C’est pour l’édition de cette partition que Maurice Denis réalisa, à la demande du compositeur, cette lithographie qui reprend avec quelques adaptations les principaux éléments évoqués dans le poème : le motif principal en est la fée – sans cependant son « chapeau de clarté » - immense « apparition » dans une vague rue ancienne ; les séraphins en pleurs sont figurés par de jeunes musiciennes dont les archets ont fait place à des harpes.

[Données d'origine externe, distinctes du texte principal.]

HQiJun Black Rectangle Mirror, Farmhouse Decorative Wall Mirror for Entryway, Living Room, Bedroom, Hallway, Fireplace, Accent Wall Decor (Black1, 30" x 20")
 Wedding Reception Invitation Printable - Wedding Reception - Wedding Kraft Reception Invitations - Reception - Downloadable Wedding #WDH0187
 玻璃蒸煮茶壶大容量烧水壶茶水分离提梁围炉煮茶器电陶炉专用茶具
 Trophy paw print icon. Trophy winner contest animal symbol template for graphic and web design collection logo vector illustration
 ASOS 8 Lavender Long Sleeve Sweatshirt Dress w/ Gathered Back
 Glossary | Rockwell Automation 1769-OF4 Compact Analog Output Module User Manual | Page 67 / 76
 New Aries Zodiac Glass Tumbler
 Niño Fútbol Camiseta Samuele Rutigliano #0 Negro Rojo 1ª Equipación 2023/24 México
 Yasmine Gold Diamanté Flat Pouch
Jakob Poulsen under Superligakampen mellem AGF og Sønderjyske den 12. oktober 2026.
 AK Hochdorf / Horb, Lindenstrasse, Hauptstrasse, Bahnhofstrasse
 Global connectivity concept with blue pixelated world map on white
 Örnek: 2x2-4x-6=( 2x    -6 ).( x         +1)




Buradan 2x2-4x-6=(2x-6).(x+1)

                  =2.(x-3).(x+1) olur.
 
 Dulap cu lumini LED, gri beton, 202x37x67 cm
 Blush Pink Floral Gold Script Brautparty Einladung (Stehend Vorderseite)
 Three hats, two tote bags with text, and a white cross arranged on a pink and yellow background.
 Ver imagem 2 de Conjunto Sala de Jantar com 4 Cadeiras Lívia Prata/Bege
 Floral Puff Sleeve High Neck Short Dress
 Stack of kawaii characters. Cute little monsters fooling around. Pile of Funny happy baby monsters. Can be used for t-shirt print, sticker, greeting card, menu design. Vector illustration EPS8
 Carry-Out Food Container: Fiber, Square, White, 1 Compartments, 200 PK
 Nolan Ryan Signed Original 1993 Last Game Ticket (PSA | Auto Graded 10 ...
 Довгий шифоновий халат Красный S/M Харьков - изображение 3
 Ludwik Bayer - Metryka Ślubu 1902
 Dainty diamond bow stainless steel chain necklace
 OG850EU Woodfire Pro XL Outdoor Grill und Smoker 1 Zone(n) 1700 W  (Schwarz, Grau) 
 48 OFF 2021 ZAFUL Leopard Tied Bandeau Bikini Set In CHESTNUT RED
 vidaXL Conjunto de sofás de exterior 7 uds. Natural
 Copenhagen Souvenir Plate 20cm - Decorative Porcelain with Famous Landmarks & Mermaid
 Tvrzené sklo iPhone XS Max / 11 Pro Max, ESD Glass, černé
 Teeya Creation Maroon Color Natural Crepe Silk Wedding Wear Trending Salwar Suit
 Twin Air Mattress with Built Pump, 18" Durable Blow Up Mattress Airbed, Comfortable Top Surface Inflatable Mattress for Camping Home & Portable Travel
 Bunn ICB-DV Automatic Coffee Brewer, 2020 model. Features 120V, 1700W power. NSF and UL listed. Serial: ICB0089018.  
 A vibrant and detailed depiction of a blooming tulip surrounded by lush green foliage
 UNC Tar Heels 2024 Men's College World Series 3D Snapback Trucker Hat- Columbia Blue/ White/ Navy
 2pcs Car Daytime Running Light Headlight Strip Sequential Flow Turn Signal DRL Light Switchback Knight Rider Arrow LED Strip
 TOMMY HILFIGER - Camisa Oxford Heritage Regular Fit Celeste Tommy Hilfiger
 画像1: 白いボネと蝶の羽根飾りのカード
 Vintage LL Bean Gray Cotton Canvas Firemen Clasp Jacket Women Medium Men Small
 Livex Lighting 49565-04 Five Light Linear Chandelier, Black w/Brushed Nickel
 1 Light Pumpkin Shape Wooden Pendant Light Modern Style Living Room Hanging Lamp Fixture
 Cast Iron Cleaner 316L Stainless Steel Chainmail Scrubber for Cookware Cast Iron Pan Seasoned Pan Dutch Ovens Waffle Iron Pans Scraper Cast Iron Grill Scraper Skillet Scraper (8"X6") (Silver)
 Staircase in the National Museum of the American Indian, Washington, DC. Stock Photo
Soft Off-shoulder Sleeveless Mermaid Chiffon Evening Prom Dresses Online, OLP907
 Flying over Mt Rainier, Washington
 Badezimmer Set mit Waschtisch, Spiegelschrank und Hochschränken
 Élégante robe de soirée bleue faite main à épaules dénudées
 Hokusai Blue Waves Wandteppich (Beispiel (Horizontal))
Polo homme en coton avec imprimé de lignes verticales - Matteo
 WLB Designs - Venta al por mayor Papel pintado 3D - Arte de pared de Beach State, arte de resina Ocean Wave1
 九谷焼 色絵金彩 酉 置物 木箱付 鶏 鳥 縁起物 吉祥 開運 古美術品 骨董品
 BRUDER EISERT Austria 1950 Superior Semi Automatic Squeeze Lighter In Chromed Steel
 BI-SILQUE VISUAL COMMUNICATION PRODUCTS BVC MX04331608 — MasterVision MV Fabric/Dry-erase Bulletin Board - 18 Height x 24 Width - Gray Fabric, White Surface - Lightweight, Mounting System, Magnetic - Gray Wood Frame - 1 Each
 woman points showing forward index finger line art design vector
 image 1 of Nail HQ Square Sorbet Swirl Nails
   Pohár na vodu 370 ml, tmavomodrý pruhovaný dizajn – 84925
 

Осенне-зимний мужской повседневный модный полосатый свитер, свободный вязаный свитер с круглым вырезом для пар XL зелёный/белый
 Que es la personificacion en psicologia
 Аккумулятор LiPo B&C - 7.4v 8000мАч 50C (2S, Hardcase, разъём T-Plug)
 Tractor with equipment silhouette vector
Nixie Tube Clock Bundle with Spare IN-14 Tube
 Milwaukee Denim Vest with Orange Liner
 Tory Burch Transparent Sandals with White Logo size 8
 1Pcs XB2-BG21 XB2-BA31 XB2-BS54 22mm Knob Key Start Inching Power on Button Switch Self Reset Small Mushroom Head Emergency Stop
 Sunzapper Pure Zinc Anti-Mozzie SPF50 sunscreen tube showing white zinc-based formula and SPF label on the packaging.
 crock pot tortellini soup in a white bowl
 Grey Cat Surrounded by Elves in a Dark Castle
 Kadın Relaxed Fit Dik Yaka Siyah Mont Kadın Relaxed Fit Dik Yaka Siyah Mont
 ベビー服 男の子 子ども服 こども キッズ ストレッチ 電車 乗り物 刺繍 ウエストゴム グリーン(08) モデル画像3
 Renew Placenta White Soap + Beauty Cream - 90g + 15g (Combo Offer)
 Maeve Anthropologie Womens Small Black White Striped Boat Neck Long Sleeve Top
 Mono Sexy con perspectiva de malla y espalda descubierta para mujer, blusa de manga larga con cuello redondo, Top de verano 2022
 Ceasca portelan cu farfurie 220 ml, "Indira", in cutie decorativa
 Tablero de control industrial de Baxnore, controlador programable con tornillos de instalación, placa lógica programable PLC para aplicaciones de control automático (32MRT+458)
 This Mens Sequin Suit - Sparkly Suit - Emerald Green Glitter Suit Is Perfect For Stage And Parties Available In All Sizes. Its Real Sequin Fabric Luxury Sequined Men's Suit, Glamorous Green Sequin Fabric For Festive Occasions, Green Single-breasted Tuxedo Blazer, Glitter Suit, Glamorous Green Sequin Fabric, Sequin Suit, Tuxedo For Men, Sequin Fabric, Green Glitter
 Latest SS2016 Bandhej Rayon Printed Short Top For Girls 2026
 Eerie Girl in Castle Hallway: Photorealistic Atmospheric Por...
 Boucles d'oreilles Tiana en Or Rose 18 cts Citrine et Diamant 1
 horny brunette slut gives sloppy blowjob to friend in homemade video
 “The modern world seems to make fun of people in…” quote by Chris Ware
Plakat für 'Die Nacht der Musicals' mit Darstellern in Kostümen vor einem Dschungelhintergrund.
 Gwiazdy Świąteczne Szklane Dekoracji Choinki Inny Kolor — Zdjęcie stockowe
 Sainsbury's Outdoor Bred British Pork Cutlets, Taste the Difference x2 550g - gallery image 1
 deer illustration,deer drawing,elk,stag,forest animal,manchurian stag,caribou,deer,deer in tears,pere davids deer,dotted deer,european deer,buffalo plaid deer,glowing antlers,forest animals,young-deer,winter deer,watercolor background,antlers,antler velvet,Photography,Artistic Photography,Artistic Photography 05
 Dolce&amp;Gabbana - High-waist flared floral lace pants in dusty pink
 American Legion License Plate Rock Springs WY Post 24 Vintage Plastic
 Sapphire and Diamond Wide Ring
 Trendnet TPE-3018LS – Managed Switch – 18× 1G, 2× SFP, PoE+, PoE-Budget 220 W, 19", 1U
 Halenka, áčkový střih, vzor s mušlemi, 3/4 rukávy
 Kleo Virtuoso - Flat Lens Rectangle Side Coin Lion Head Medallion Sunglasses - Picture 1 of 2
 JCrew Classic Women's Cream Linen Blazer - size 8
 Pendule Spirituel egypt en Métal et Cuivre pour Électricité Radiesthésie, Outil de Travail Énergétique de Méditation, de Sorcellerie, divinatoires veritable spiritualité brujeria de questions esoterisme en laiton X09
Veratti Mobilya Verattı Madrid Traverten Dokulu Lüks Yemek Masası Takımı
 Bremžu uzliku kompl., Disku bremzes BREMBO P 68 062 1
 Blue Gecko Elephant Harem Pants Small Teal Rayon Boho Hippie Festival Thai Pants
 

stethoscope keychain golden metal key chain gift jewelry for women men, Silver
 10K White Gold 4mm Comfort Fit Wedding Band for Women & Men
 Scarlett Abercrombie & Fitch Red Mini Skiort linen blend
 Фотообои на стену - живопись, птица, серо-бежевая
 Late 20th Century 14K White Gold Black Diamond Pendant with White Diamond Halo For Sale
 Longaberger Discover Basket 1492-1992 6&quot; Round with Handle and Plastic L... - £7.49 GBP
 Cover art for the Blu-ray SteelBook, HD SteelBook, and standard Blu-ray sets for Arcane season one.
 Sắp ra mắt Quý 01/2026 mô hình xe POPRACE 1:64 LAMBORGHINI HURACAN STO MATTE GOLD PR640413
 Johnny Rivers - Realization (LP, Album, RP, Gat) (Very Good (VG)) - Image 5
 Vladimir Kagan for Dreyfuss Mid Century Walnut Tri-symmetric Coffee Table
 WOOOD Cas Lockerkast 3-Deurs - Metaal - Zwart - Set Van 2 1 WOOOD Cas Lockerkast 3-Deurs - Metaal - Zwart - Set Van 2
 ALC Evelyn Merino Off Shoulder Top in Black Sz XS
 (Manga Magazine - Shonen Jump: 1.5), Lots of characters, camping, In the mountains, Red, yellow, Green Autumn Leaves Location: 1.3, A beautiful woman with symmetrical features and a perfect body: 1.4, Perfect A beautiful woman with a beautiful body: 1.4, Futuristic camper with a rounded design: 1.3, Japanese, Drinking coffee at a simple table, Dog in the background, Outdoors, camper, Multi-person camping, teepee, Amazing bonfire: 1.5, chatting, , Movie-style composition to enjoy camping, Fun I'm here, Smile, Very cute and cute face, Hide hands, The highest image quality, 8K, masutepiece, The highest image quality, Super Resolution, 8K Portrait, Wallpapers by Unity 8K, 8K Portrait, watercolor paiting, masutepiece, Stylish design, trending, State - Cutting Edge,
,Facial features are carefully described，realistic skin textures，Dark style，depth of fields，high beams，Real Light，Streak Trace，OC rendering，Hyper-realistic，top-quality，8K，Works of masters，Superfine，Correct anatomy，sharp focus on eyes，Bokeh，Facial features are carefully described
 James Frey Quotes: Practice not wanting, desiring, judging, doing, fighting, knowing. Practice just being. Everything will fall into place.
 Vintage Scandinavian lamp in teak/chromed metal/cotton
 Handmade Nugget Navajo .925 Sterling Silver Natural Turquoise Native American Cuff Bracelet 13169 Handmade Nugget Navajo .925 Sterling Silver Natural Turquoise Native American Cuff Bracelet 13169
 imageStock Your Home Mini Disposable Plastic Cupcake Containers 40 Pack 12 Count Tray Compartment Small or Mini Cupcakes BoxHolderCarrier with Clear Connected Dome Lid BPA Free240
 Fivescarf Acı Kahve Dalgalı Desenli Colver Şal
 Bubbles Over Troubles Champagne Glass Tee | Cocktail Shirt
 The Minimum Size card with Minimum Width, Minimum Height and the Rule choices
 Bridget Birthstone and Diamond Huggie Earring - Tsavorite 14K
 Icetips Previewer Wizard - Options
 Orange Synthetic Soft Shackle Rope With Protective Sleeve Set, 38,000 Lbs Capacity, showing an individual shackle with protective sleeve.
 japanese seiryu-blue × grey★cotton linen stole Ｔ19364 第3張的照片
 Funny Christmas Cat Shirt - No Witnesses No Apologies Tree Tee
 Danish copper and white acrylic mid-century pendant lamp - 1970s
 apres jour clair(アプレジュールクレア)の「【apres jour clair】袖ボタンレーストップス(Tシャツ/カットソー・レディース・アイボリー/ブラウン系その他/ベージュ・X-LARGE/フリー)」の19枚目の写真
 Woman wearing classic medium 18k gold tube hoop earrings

Mallarmé possédait un exemplaire de la partition imprimée avec la couverture de Maurice Denis ainsi que la partition manuscrite d’André Rossignol qui se trouvent actuellement dans une collection privée. 

 

La lune s'attristait. Des séraphins en pleurs
Rêvant, l'archet aux doigts, dans le calme des fleurs
Vaporeuses, tiraient de mourantes violes
De blancs sanglots glissant sur l'azur des corolles.
- C'était le jour béni de ton premier baiser.
Ma songerie aimant à me martyriser
S'enivrait savamment du parfum de tristesse
Que même sans regret et sans déboire laisse
La cueillaison d'un Rêve au cœur qui l'a cueilli.
J'errais donc, l'œil rivé sur le pavé vieilli
Quand avec du soleil aux cheveux, dans la rue
Et dans le soir, tu m'es en riant apparue
Et j'ai cru voir la fée au chapeau de clarté
Qui jadis sur mes beaux sommeils d'enfant gâté
Passait, laissant toujours de ses mains mal fermées
Neiger de blancs bouquets d'étoiles parfumées.